よく人から収穫大変でしょ、と言われるが大変なのは秋の収穫ではなく灼熱の真夏に蚊や蜂に刺されながら地べたを這いまわり草を刈り続ける7月、8月こそ大変であって、今の時期の大変さに比べると、秋の収穫のなんて屁でもない。
まあそれでも午後3時を過ぎる頃になると、皮膚細胞を破壊し続けていた太陽の光がふわっと軽くなって、オリーブの木陰から吹く風が背中の汗をすっと冷やし、裏山からヒグラシの鳴く声が聞こえてきたりするもんだから、なんだかんだ言ったって農家はやめられない。キンキンに冷えたビールをぱかっと開けた喉に流し込むことを想像しながら、日暮れまでもうひとがんばり。

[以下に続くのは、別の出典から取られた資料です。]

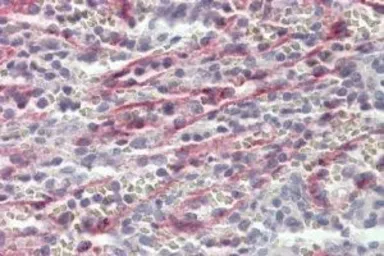 Anti-Stabilin 1 antibody, C-term used in IHC (Paraffin sections) (IHC-P). GTX88184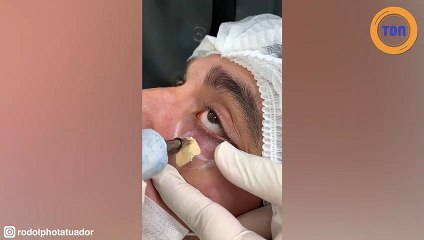 Cernes, vergetures, cicatrices…  ce tatoueur est capable  de les faire disparaître !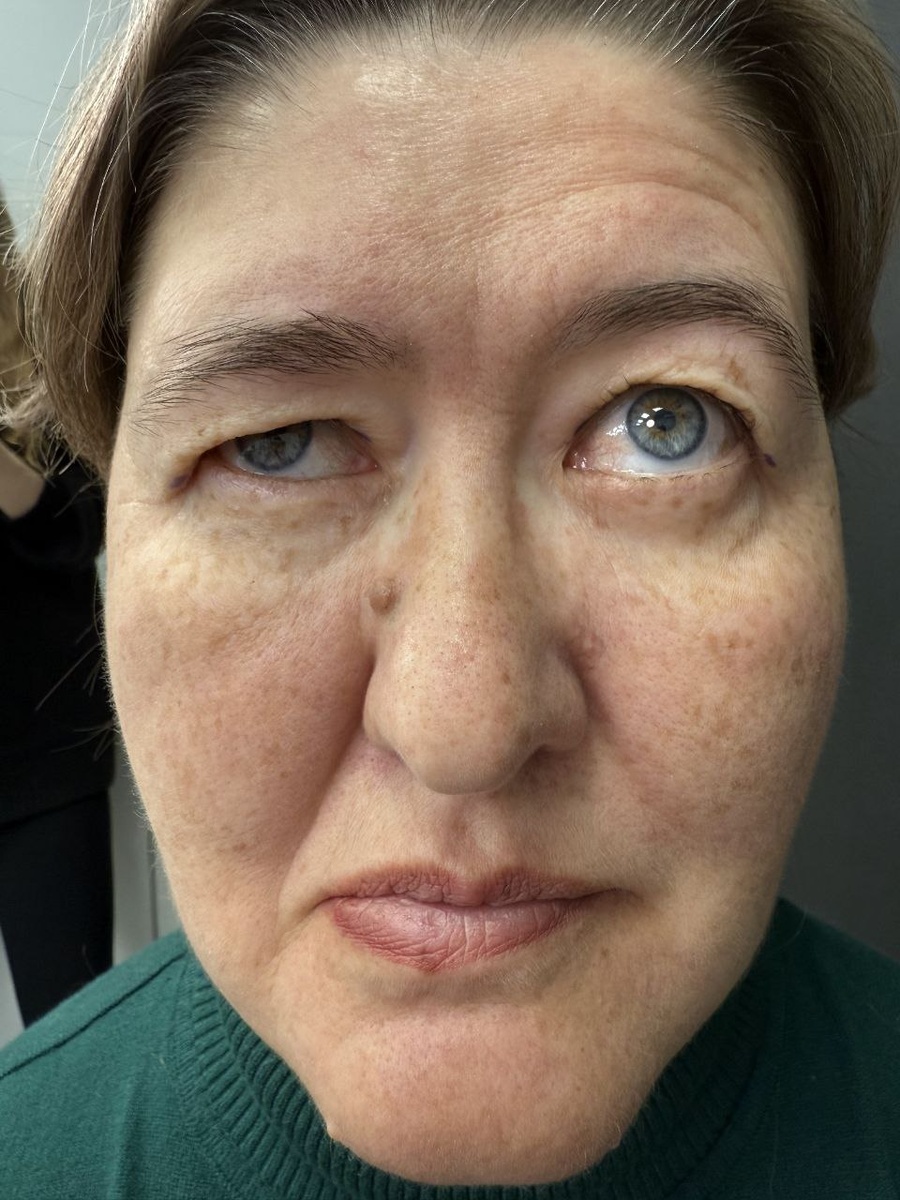 До операции 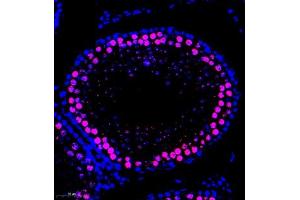 Immunofluorescence of paraffin embedded rat testis using SCP1 (ABIN7075786) at dilution of 1:500 (300x lens) (SYCP1 Antikörper)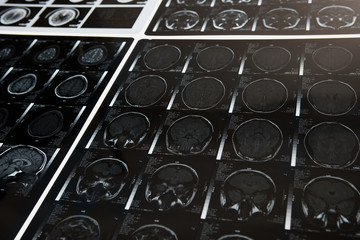MRI scans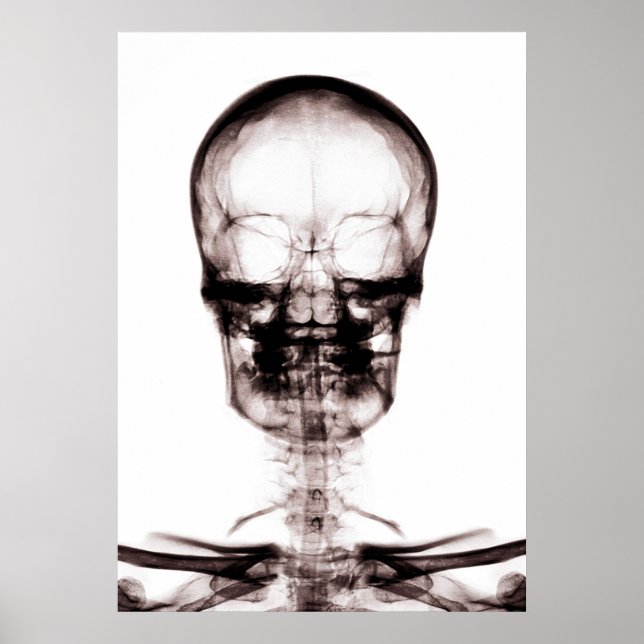 PÔSTER POSTER/IMPRESSÃO X RAY VISION SKELETON SKULL ORIG/ (Frente)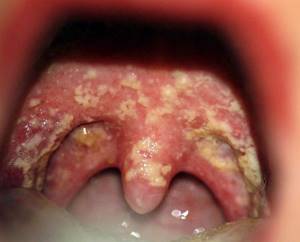 грибок горла у ребенка симптомы лечение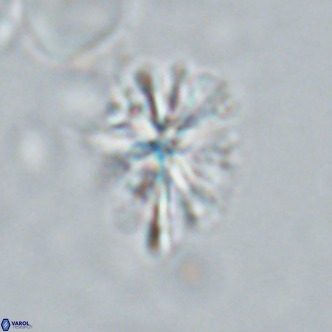 Sphenolithus grandis VR 16737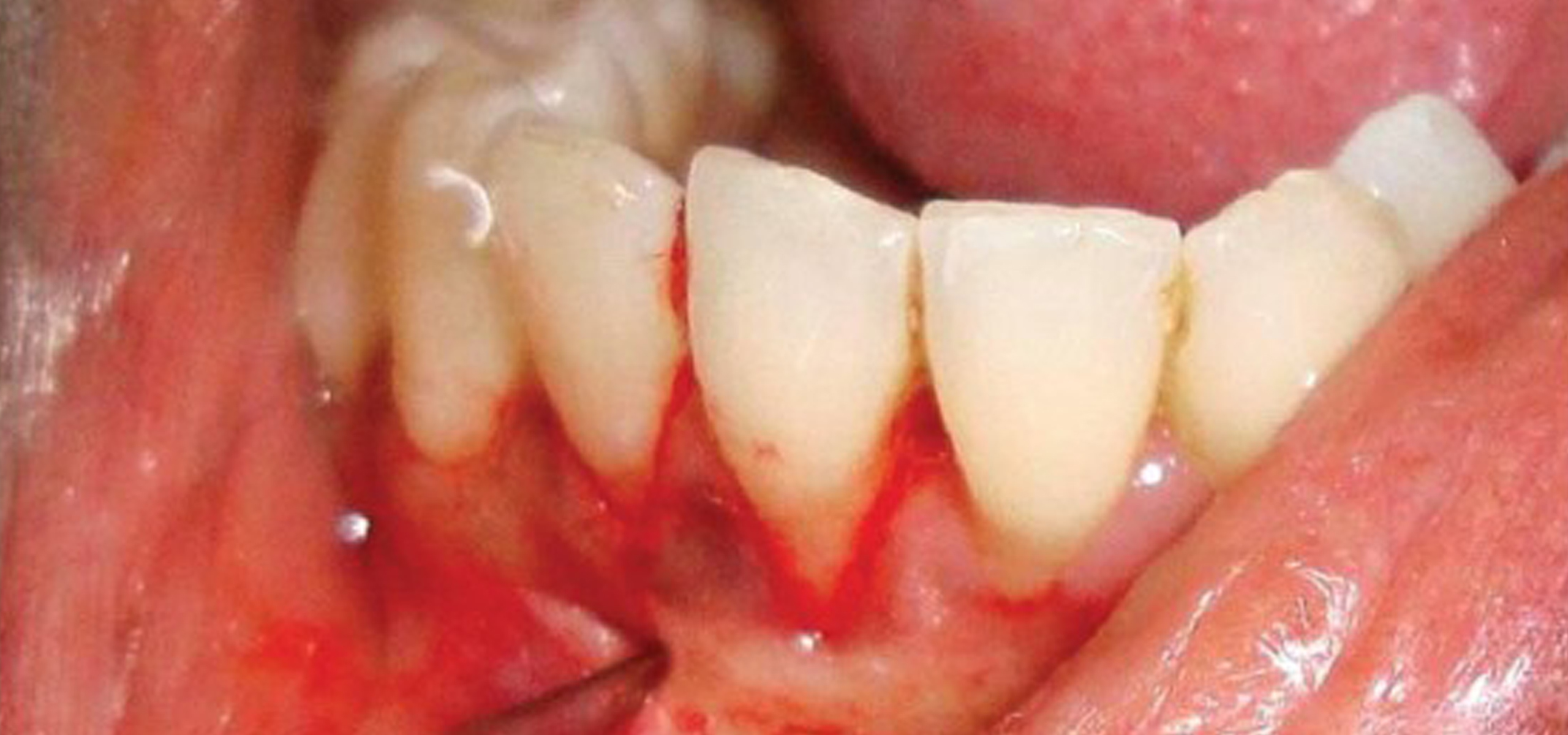 cosmetic dental surgery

そういえば、先日、イタリアのトスカーナ近郊でオリーブを栽培している人がうちの畑に来て話をした。イタリアも南北によって気候も違うだろうから色々だろうけど、その人のオリーブ畑では草刈りはざっと年に2回くらいしかしないらしい。うちの畑では1年に20回は草刈りしているので、10倍くらいの違いがある。そしてオリーブミバエという日本にはいない害虫はやっかいだけど、オリーブアナアキゾウムシなんていう木を枯らしてしまう害虫は聞いたことがないという。オリーブの本場、イタリアにはイタリアの大変さはあるだろうけど、どうも日本でオリーブを育てるのは相当大変なんじゃないか?という疑惑がないわけではない。